How to - Customize the Datapoints Visualization
The Datapoint Editor workspace has two types of visualizations in the playground: the Datapoints visualization and the Partial Dependence Plots visualization (discussed in a separate article).
The Datapoints visualization is the default visualization in the Datapoint Editor, and is built on Facets Dive. It can be used to arrange individual data points into visualizations customized by any features available in the data set. This way, users can investigate individual data points in the context of the loaded dataset.
To customize the Datapoints visualization:
- Select Datapoints in the Visualize module to see the datapoints visualization. The What-If Tool looks for meaningful defaults based on the model type and number of available models to help users get started.
- Using the dropdowns in the toolbar on top, specify features to visualize on the X-axis, Y-axis, color or labels. Combinations of these can be used to create histograms or scatterplots, or combinations of the two: a. Binning | X-Axis: This dropdown is used to select a feature to organize data points into buckets as a histogram on the X-Axis. The count dropdown specifies the number of buckets to create. b.
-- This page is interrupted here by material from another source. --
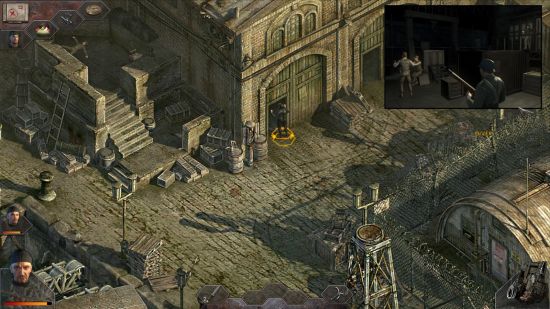  发行商Kalypso Media和开发者Raylight Games确认《盟军敢死队3：复刻版》将于今年8月31日正式发售 潮牌冬季如何御寒提醒（《盟军敢死队3：复刻版》8月31日发售 重返欧洲战场）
Binning | Y-Axis: This dropdown is used to select a feature to organize data points into buckets as a histogram on the Y-Axis. The count dropdown specifies the number of buckets to create.
c. Color by: This dropdown is used to select a feature to color the data points. i. If a categorical feature is selected, a different color is used for each category. ii. If a numerical feature is selected, data points are colored using a two-color (sequential) colorscale.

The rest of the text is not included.